### EXERCISE DATA
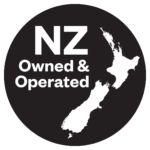 NZ owned and operated badge with New Zealand map icon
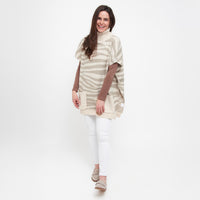 Cream Tiger Turtleneck Poncho With Patch Pockets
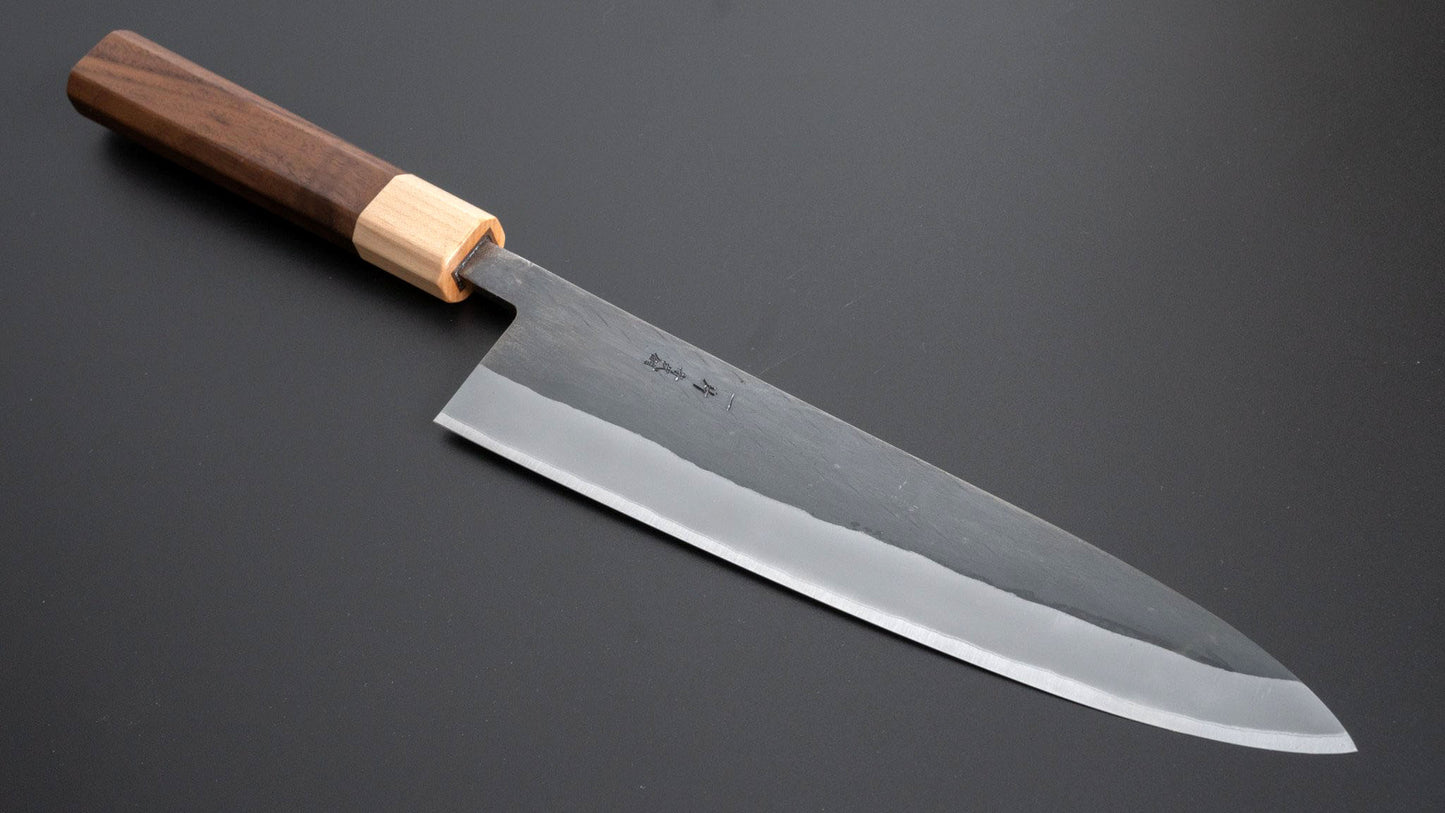 TD Blue #2 Stainless Clad Kurouchi Gyuto 210mm Walnut Handle - Kamimoto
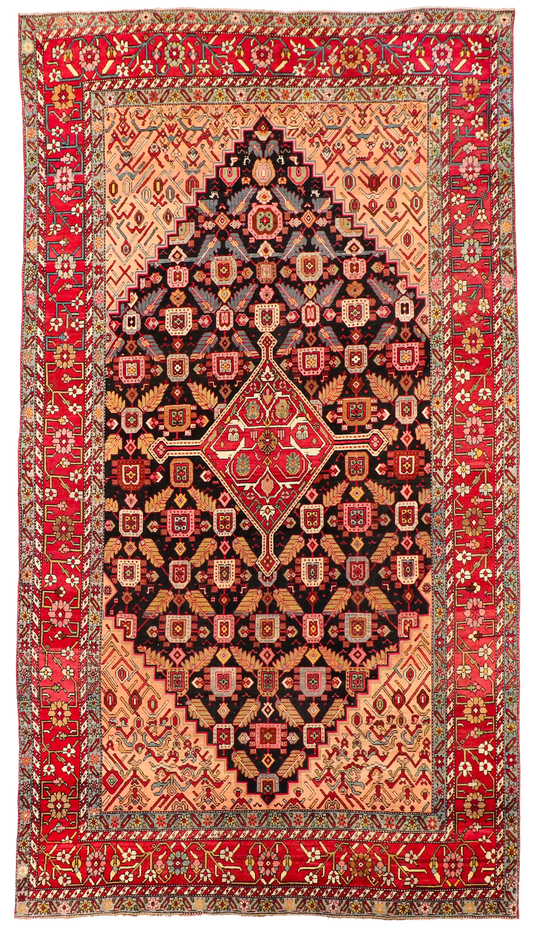 W 8.8 L 16.2 Azarbaijan 100% Wool Handmade Geometric Design - 63018
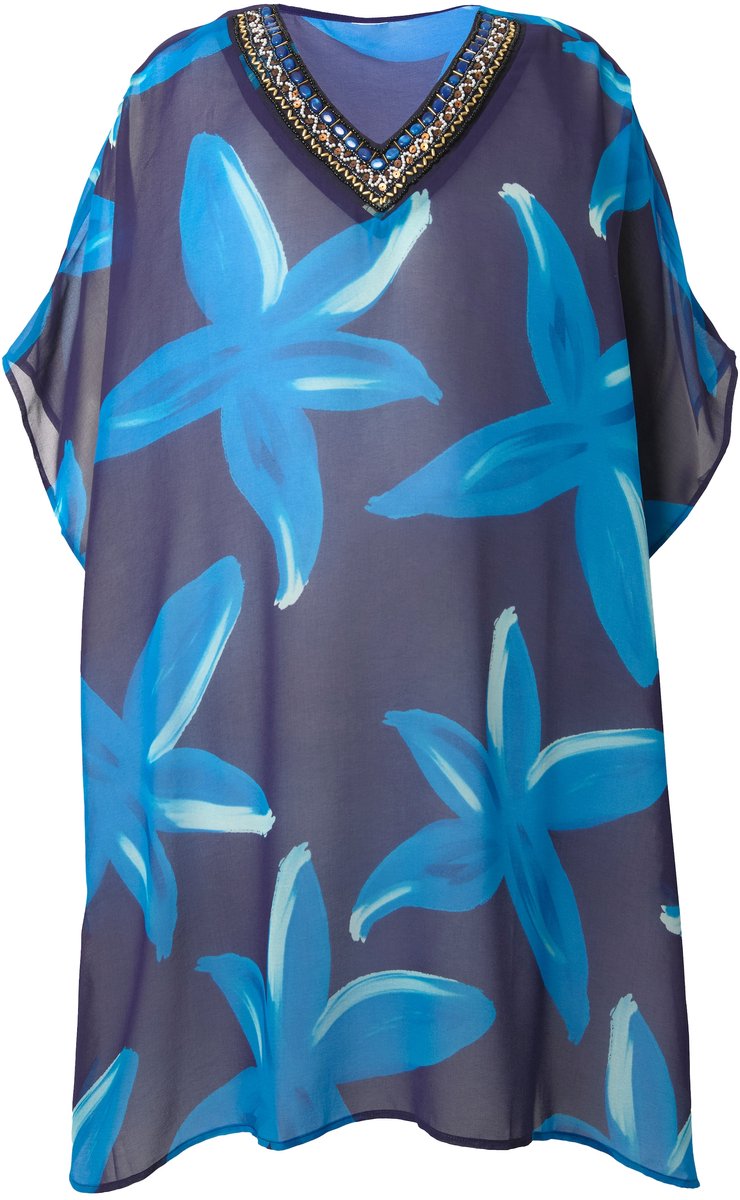 Ulla Popken Dames - Tuniek bloemen versierde V-hals korte mouwen - Donkerblauw - Maat 3+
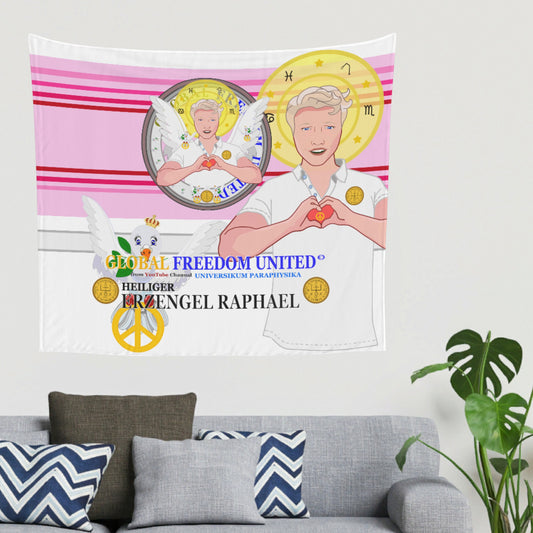 Tapestry Global Freedom United Archangel Raphael German Pink2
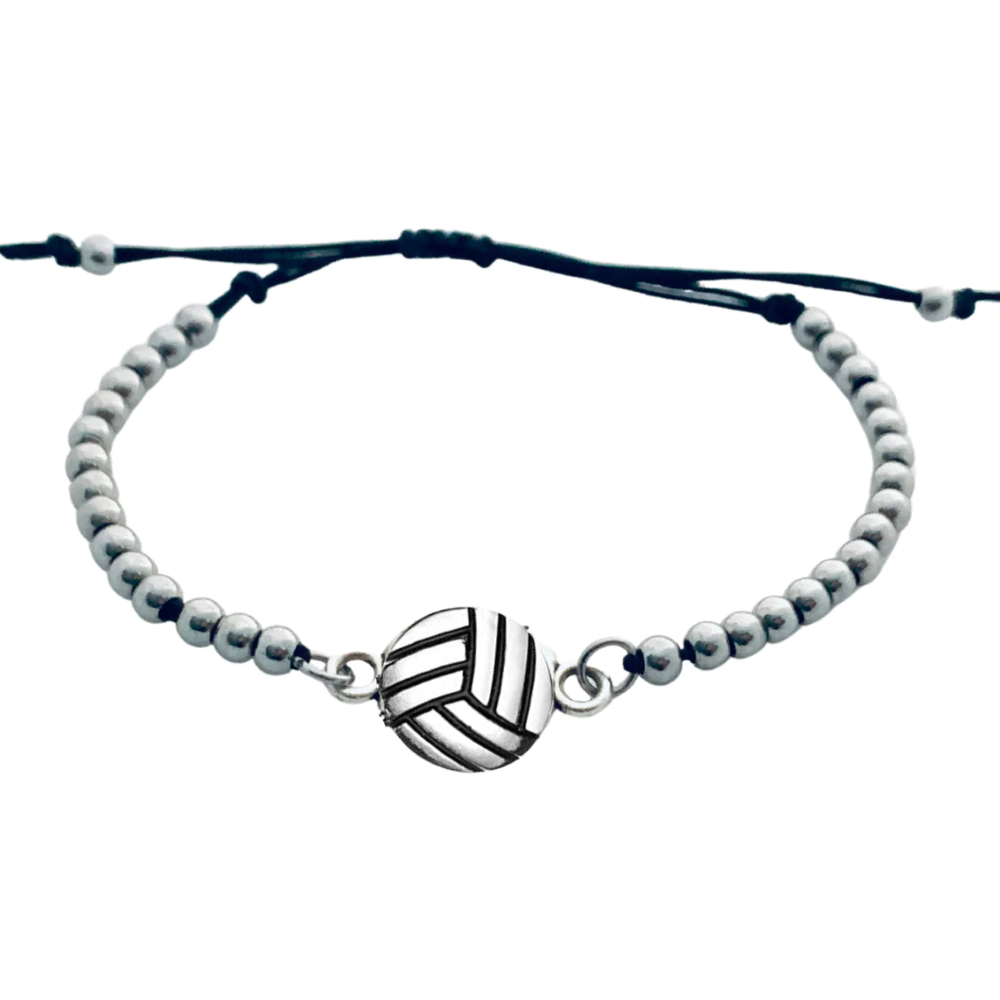 Volleyball Beaded Adjustable Charm Bracelet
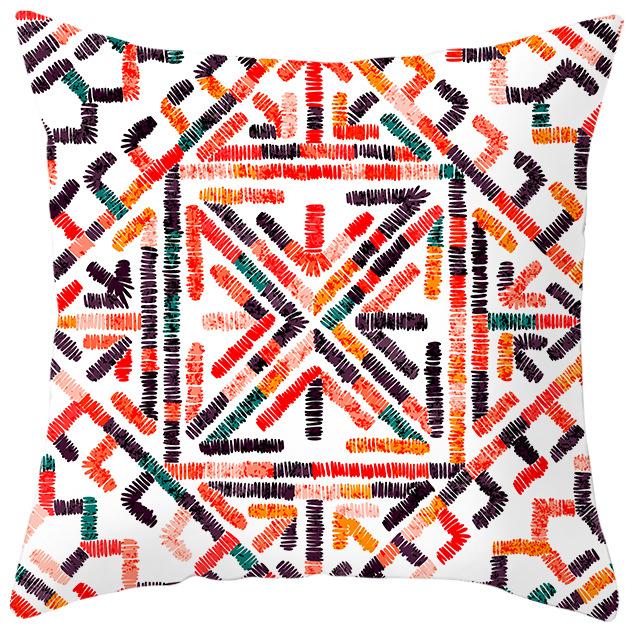New Ethnic Style Pillow Cover Bohemian Color Geometric Pattern Peach Leather Velvet Retro Pillow Cushion Cover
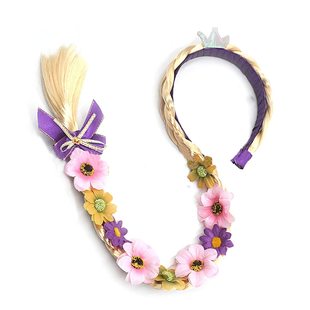 Frozen Rapunzel Wig Braids Kidsren's Crown with Flower Braids Princess Dress Accessories Christmas Hot Sale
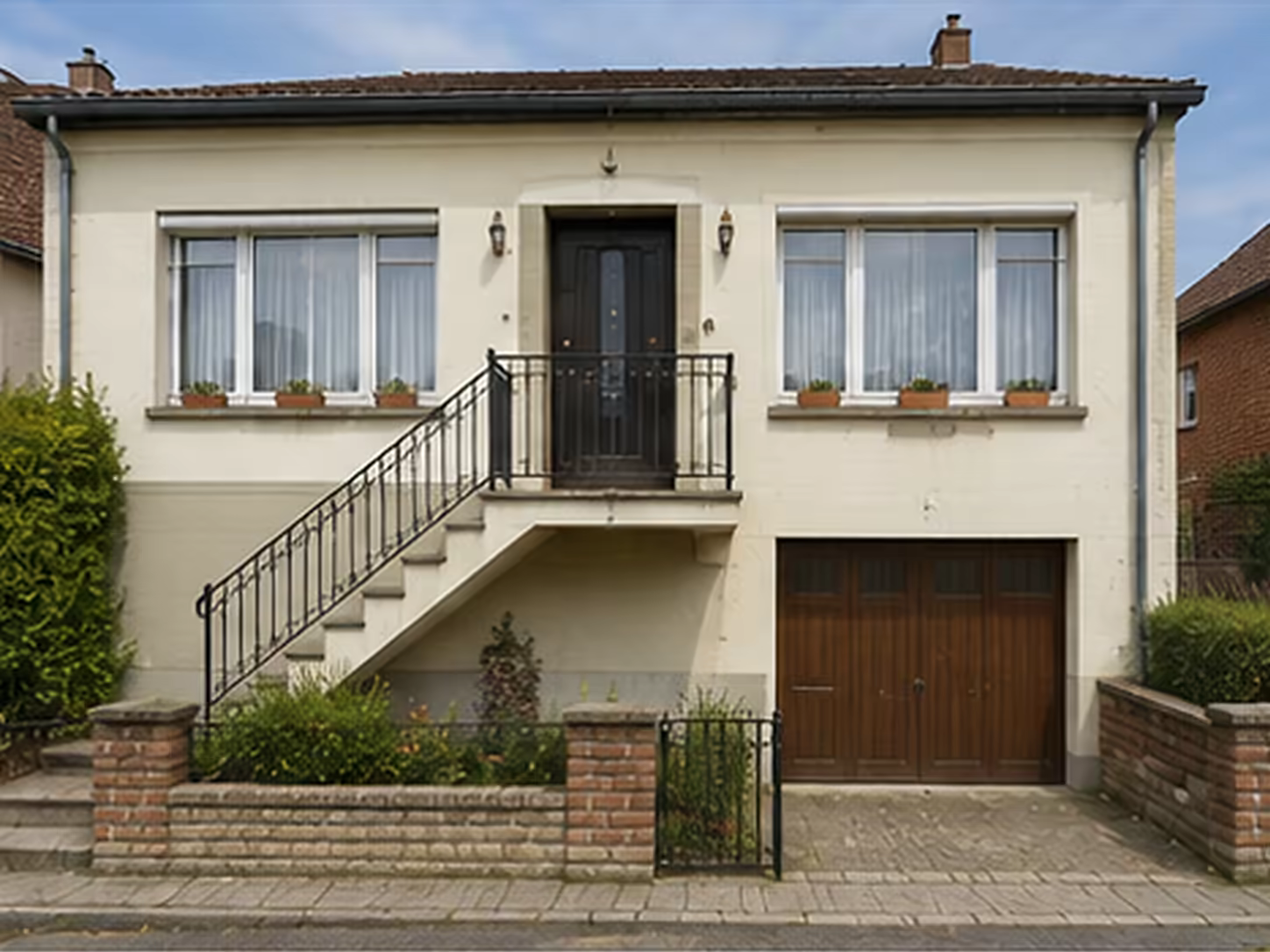 rénovation complète d’une maison bel-étage avec garage en niveau bas et séjour surélevé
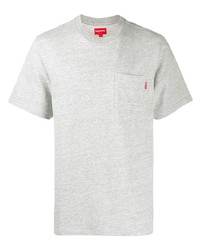 T-shirt à col rond gris Supreme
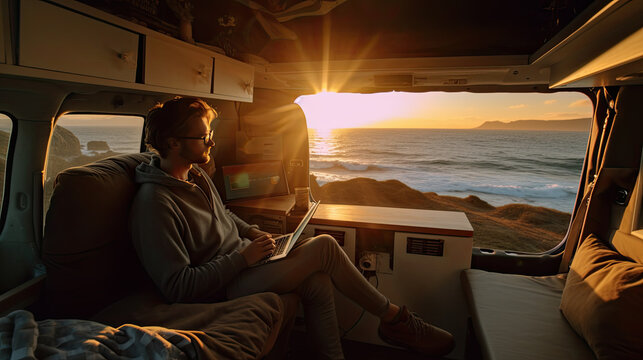 Mature man working on laptop computer inside camper van with nature outdoors view outside window. Concept of freedom and vanlife lifestyle. Smart remote working online Generative AI
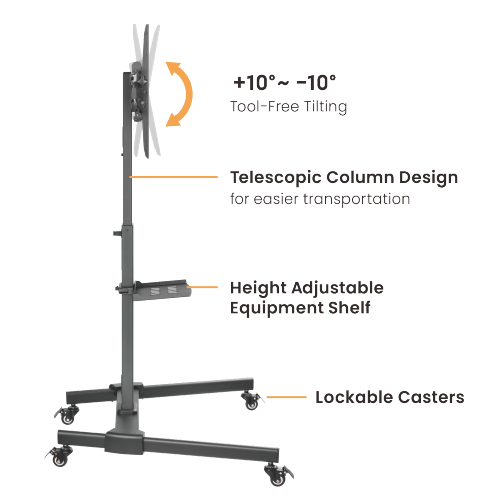 コンパクトな高さ調節可能なスチールテレビカート(1160~1510MM/45.7"~59.4") FS22H-44TW 35kg/77lbsまでのほとんどの32"-55"フラットパネルテレビ用 from china(chinese)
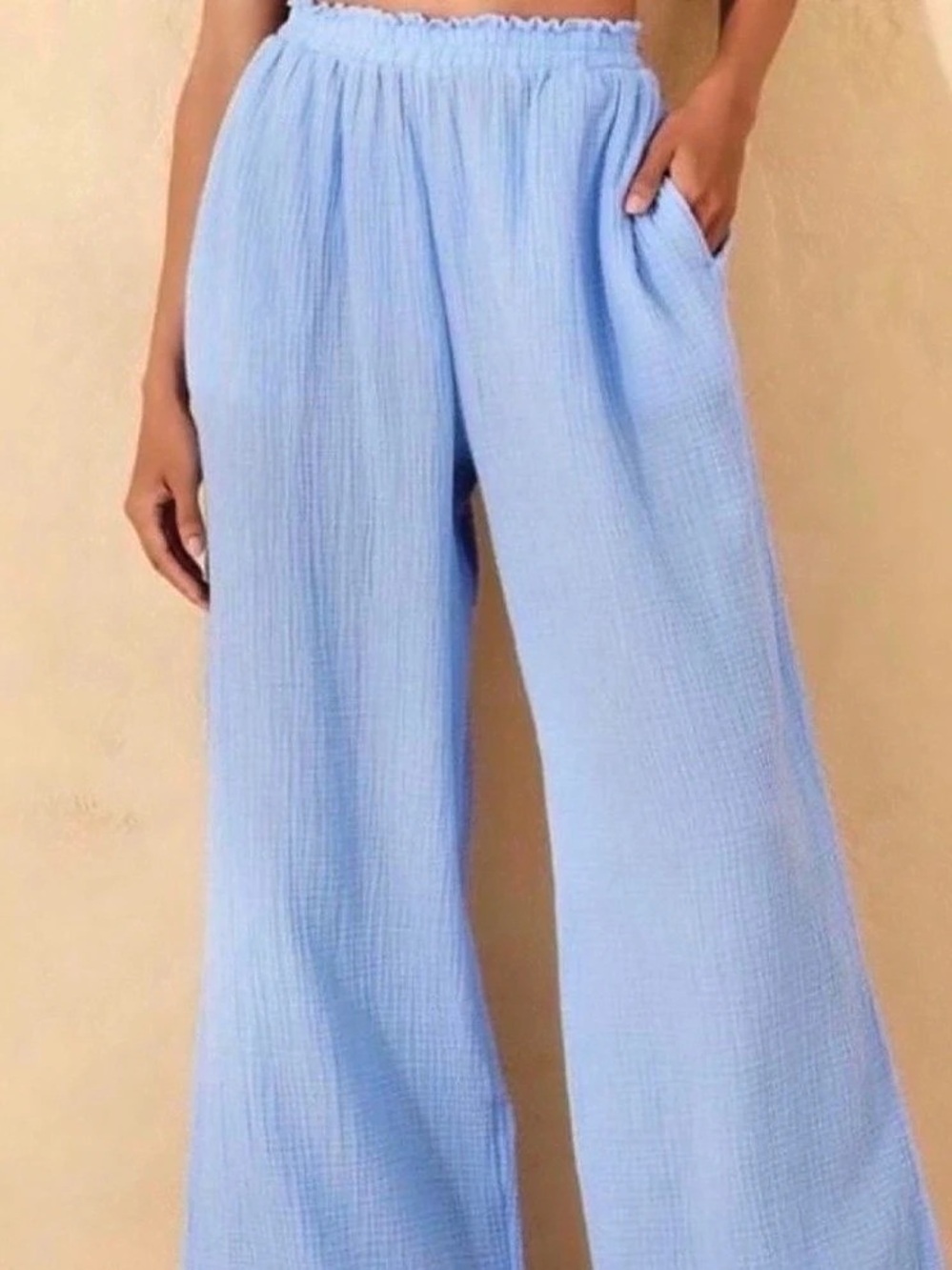 Shade & Shore Gauze Swim Cover-Up Pants Blue Small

### PROBLEM TO SOLVE
Using the material above, restate word for word the lines from the line that has "Mature man working" to the last line, inclusive, with pictures omitted.

### RESPONSE AREA
 Mature man working on laptop computer inside camper van with nature outdoors view outside window. Concept of freedom and vanlife lifestyle. Smart remote working online Generative AI
 コンパクトな高さ調節可能なスチールテレビカート(1160~1510MM/45.7"~59.4") FS22H-44TW 35kg/77lbsまでのほとんどの32"-55"フラットパネルテレビ用 from china(chinese)
 Shade & Shore Gauze Swim Cover-Up Pants Blue Small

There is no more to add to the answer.